Temporal Graph Benchmark

Challenging and realistic datasets for temporal graph learning

Shenyang(Andy) Huang
Towards Data Science

--

In recent years, significant advances have been made in machine learning on static graphs, accelerated by the availability of public datasets and standardized evaluation protocols, such as the widely adopted Open Graph Benchmark (OGB). However, many real-world systems such as social networks, transportation networks, and financial transaction networks evolve over time with nodes and edges constantly added or deleted. They are often modeled as temporal graphs. Until now, progress in temporal graph learning has been held back by the lack of large high-quality datasets, as well as the lack of proper evaluation thus leading to over-optimistic performance.

Real world networks evolve over time. Image Credit: Armand Khoury on Unsplash.

To address this, we present Temporal Graph Benchmark (TGB), a collection of challenging and diverse benchmark datasets for realistic, reproducible, and robust evaluation for machine learning on temporal graphs. Inspired by the success of OGB, TGB automates dataset downloading and processing as well as evaluation protocols, and allows users to compare model performance using a leaderboard. We hope TGB would become a standardized benchmark for the temporal graph community and facilitate the development of novel methods and improve the understanding of large temporal networks.

Challenging and Realistic Benchmark for Temporal Graph Learning

This post is based on our paper Temporal Graph Benchmark for Machine Learning on Temporal Graphs (NeurIPS 2023 Datasets and Benchmarks Track) and was co-authored with Emanuele Rossi. Find more temporal graph work from my website. Want to learn more about temporal graphs? Join the Temporal Graph Reading Group and Temporal Graph Learning Workshop @ NeurIPS 2023 to learn more about state-of-the-art TG research.

Motivation

In the last few years, the field of machine learning for static graphs has experienced a significant boost, largely due to the advent of public datasets and established benchmarks like the Open Graph Benchmark (OGB), the Long Range Graph Benchmark, and the TDC Benchmark. However, many real-world systems such as social networks, transportation networks, and financial transaction networks are temporal: they evolve over time. Until now, the advancement in temporal graphs has been significantly hampered by the lack of large, high-quality datasets and comprehensive evaluation frameworks. This scarcity, coupled with evaluation limitations, has resulted in almost perfect AP or AUROC scores across models on popular datasets such as Wikipedia and Reddit, leading to an over-optimistic assessment of model performance and a challenge in differentiating between competing models.

Lack of datasets. Common TG datasets only contain a few million edges, significantly smaller than the scale seen in real temporal networks. Furthermore, these datasets are mostly restricted to the domain of social and interaction networks. As network properties often vary significantly across domains, it is important to benchmark on a variety of domains as well. Lastly, there is a lack of datasets for node-level tasks, causing most of the methods to only focus on link prediction. To solve this challenge, TGB contains nine datasets from five distinct domains which are orders of magnitude larger in terms of the number of nodes, edges and timestamps. In addition, TGB proposes four datasets for the novel node affinity prediction task.

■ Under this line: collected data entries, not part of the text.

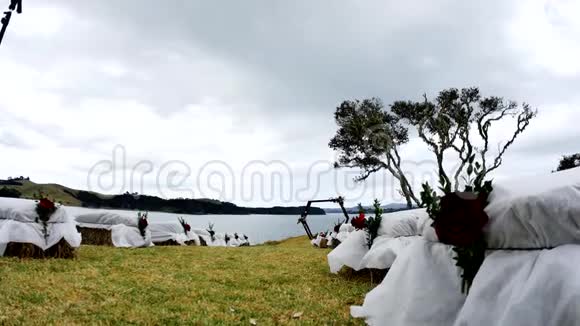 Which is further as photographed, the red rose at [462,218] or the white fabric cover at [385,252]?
the white fabric cover at [385,252]

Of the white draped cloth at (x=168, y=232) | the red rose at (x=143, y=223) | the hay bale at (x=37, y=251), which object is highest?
the red rose at (x=143, y=223)

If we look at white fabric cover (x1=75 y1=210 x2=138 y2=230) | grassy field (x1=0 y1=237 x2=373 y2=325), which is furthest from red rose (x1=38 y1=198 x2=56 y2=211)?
white fabric cover (x1=75 y1=210 x2=138 y2=230)

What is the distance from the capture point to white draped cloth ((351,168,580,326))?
2.01 metres

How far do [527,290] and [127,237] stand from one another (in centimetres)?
1340

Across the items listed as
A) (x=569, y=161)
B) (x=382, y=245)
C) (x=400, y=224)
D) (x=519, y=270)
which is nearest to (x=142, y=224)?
(x=382, y=245)

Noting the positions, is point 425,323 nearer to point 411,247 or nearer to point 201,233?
point 411,247

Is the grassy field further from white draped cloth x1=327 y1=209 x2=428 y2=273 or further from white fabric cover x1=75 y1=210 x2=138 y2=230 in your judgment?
white fabric cover x1=75 y1=210 x2=138 y2=230

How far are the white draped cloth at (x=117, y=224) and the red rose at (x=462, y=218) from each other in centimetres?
1261

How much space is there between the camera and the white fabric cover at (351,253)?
6.75 meters

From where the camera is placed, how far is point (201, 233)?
2169cm

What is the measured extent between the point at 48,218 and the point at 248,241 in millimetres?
19084

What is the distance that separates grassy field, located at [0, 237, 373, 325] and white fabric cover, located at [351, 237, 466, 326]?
0.86 meters

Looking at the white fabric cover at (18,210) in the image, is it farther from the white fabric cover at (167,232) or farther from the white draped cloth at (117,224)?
the white fabric cover at (167,232)

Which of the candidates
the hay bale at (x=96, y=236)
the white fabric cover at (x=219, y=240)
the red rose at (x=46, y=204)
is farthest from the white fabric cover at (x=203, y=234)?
the red rose at (x=46, y=204) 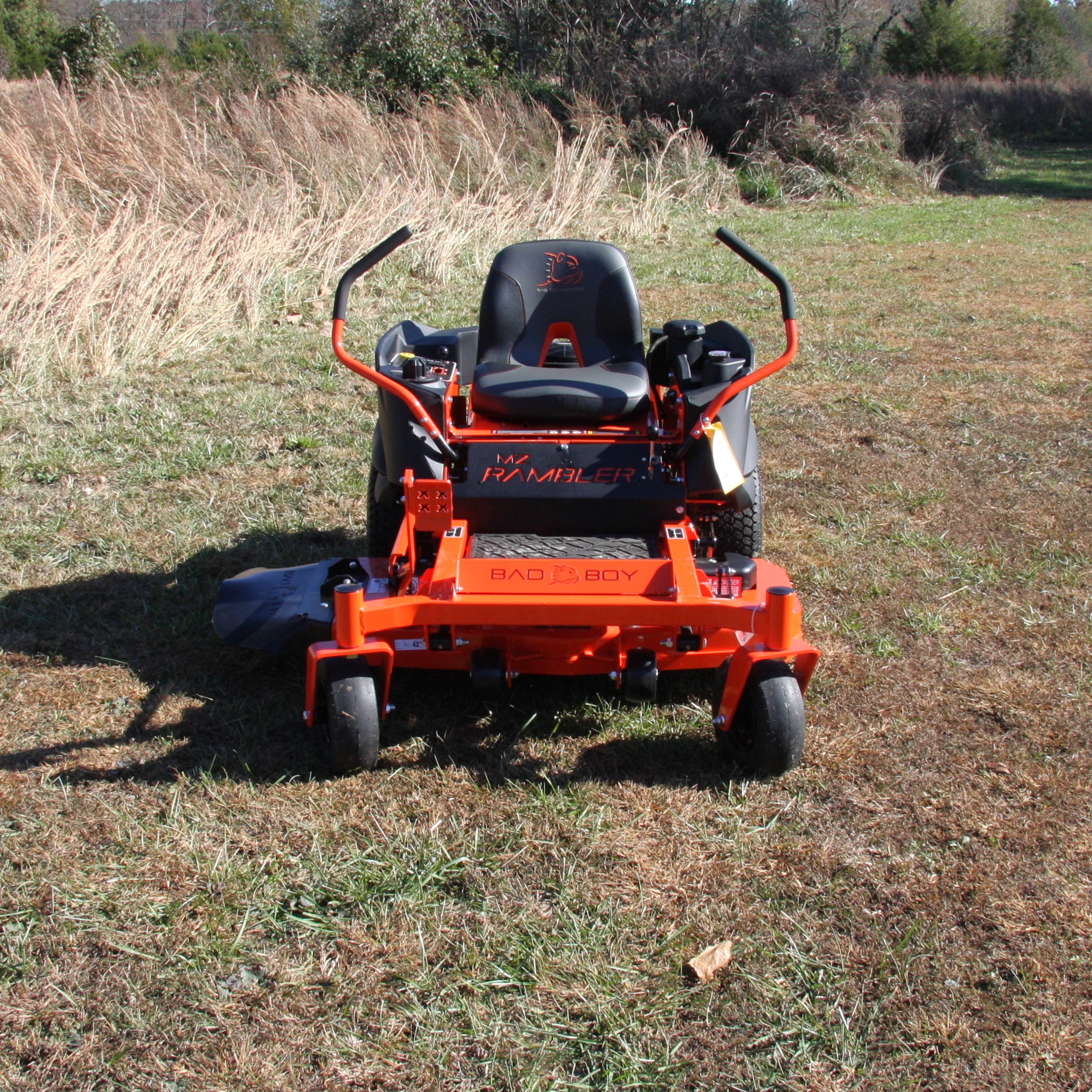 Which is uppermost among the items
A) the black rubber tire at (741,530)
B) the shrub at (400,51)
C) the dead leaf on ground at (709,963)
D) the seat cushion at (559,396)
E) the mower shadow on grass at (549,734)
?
the shrub at (400,51)

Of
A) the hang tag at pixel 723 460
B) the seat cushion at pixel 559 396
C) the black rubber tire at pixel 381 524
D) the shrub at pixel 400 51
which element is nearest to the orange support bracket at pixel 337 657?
the black rubber tire at pixel 381 524

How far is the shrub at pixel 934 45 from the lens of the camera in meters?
30.7

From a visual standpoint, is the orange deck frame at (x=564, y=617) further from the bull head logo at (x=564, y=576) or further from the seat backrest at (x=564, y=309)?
the seat backrest at (x=564, y=309)

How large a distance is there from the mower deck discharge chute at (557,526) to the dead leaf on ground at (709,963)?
601mm

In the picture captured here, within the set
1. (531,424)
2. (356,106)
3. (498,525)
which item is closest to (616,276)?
(531,424)

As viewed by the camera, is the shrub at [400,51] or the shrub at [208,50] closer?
the shrub at [400,51]

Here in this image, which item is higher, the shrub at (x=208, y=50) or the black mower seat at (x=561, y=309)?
the shrub at (x=208, y=50)

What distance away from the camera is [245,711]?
3.20 meters

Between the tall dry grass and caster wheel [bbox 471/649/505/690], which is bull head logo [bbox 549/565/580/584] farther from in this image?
the tall dry grass

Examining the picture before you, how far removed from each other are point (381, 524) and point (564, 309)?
111cm

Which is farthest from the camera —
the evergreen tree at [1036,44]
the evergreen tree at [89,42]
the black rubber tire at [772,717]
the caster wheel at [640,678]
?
the evergreen tree at [1036,44]

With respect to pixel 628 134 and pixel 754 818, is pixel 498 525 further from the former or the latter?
pixel 628 134

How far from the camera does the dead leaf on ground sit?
220cm

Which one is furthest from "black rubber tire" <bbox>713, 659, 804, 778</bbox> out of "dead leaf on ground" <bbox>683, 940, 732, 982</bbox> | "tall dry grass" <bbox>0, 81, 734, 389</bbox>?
"tall dry grass" <bbox>0, 81, 734, 389</bbox>
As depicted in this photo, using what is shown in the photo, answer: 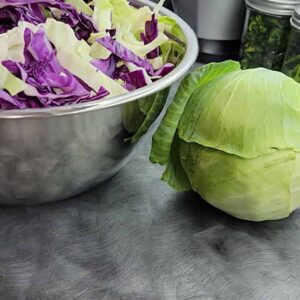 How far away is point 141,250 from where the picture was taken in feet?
2.36

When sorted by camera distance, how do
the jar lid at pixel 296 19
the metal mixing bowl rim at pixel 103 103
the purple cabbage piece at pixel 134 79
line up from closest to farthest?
1. the metal mixing bowl rim at pixel 103 103
2. the purple cabbage piece at pixel 134 79
3. the jar lid at pixel 296 19

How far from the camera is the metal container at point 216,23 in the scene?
1.24 metres

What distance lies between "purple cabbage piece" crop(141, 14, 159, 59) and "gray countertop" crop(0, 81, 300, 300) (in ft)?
0.69

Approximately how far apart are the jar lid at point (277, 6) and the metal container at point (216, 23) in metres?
0.13

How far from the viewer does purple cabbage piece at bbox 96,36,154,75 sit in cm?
76

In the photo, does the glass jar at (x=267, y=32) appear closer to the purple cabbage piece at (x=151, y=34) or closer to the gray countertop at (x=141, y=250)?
the purple cabbage piece at (x=151, y=34)

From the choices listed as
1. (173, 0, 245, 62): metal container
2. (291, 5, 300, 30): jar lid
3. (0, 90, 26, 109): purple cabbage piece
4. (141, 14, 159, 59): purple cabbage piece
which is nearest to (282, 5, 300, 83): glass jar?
(291, 5, 300, 30): jar lid

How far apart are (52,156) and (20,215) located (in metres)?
0.15

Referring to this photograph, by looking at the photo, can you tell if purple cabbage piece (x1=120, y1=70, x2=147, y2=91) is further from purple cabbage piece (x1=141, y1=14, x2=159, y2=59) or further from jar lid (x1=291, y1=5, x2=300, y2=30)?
jar lid (x1=291, y1=5, x2=300, y2=30)

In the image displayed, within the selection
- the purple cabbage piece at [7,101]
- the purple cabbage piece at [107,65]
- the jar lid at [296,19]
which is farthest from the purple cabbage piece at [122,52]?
the jar lid at [296,19]

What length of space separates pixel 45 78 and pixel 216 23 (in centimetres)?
68

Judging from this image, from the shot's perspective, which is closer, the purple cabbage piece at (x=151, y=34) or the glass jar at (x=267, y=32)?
the purple cabbage piece at (x=151, y=34)

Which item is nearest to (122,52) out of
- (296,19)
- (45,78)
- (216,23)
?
(45,78)

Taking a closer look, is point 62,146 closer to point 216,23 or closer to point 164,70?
point 164,70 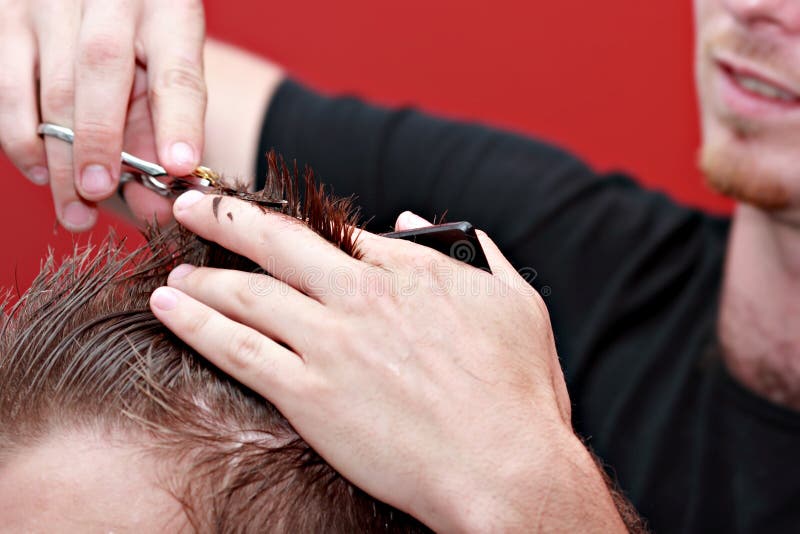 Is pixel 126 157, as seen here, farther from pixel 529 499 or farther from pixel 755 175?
pixel 755 175

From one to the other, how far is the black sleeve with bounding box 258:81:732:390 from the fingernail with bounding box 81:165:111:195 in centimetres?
70

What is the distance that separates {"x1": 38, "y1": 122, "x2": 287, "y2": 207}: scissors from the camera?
714mm

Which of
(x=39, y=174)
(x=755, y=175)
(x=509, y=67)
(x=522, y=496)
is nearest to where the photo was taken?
(x=522, y=496)

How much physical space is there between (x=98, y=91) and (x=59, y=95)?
5 centimetres

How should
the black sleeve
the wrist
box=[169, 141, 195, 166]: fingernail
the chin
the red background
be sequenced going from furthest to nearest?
the red background, the black sleeve, the chin, box=[169, 141, 195, 166]: fingernail, the wrist

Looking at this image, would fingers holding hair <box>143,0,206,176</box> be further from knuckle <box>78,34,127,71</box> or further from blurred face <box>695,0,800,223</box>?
blurred face <box>695,0,800,223</box>

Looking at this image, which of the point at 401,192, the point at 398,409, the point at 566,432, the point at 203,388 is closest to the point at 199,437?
the point at 203,388

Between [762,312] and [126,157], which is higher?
[126,157]

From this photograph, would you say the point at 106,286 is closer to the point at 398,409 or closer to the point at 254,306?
the point at 254,306

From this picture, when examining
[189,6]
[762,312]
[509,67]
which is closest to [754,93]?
[762,312]

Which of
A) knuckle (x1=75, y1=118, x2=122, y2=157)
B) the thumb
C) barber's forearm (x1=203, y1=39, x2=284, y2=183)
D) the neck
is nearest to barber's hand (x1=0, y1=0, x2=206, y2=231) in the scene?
knuckle (x1=75, y1=118, x2=122, y2=157)

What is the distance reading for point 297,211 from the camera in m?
0.64

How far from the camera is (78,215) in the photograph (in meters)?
0.81

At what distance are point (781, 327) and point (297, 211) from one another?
0.97 meters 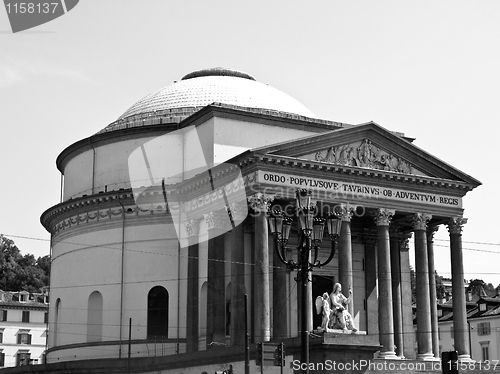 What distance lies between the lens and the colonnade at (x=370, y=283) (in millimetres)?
42844

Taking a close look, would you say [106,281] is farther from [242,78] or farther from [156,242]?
[242,78]

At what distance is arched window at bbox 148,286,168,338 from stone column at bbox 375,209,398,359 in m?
12.4

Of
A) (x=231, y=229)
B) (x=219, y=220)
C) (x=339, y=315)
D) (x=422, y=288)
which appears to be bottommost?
(x=339, y=315)

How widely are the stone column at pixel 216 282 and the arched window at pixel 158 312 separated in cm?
471

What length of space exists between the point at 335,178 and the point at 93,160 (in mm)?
17557

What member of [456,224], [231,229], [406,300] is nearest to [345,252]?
[231,229]

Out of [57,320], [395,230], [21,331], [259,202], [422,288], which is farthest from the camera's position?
[21,331]

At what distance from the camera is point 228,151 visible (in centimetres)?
4744

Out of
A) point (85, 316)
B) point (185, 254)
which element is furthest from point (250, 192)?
point (85, 316)

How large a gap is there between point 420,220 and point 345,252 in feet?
17.0

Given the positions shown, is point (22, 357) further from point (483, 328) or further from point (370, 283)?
point (370, 283)

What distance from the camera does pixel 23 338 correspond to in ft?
306

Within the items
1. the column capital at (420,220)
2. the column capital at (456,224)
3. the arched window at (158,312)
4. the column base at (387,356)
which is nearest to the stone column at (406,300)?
the column capital at (456,224)

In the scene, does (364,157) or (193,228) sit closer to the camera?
(364,157) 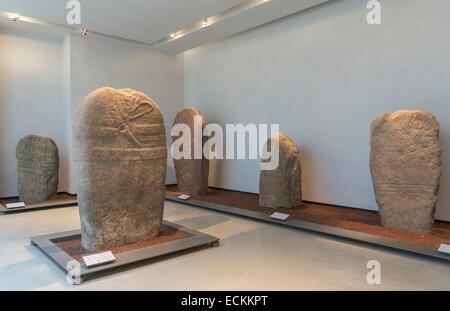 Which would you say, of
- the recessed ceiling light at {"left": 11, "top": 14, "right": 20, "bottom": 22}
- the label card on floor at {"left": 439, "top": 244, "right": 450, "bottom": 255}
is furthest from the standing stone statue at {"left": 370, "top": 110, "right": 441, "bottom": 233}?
the recessed ceiling light at {"left": 11, "top": 14, "right": 20, "bottom": 22}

TGB datasets are significantly larger than common TG datasets

Simplistic Evaluation. Dynamic link prediction was commonly framed as a binary classification task: positive (true) edges have a label of one, while negative (non-existing) edges have a label of zero. When evaluating, one negative edge per positive one was sampled by keeping the source node fixed and choosing the destination node uniformly at random. This evaluation only considers a small amount of easy to predict negative edges, leading to inflated model performance with many models obtaining >95% AP on Wikipedia and Reddit (Poursafaei et al. 2022, Rossi et al. 2020, Wang et al. 2021, Souza et al. 2022). In TGB we treat the link prediction task as a ranking problem and make the evaluation more robust. We show that the improved evaluation results in more realistic performance and highlights clear gaps between different models.

Problem Setting

In TGB, we focus on continuous time temporal graphs, as defined by Kazemi et al. 2020. In this setting, we denote temporal graphs as timestamped edge streams consisting of triplets of (source, destination, , timestamp). Note that temporal edges can be weighted, directed, while both nodes and edges can optionally have features.

Additionally, we consider the streaming setting, where a model can incorporate new information at inference time. In particular, when predicting a test edge at time t, the model can access[1] all edges occurred before t, including test edges. However, back-propagation and weight updates with the test information are not permitted.

Dataset Details

TGB contains nine datasets, seven of which are curated for this work while two are from previous literature. The datasets are temporally split into training, validation and test sets with ratio of 70/15/15. Datasets are categorized based on their number of edges: small (<5 million), medium (5–25 million) and large (> 25 million).

dataset statistics for TGB datasets

TGB datasets also have distinct domains and time granularities (from UNIX timestamp to annually). Lastly, dataset statistics are highly diverse too. For example, the Surprise Index, defined by the ratio of test edges never observed in the training set, varies significantly across datasets. Many TGB datasets also contain many novel nodes in the test set which requires inductive reasoning.

TGB datasets are also tied to real world tasks. For example, tgbl-flight dataset is a crowd sourced international flight network from 2019 to 2022 where the airports are modeled as nodes while edges are flights between airports for a given day. The task is to predict whether a flight will happen between two specific airports on a future date. This is useful for forecasting potential flight disruptions such as cancellation and delays. For instance, during the COVID-19 pandemic, many flight routes were canceled to combat the spread of COVID-19. The prediction of the global flight network is also important for studying and forecasting the spread of disease such as COVID-19 to new regions as seen in Ding et al. 2021. Detailed dataset and task descriptions are provided in Section 4 of the paper.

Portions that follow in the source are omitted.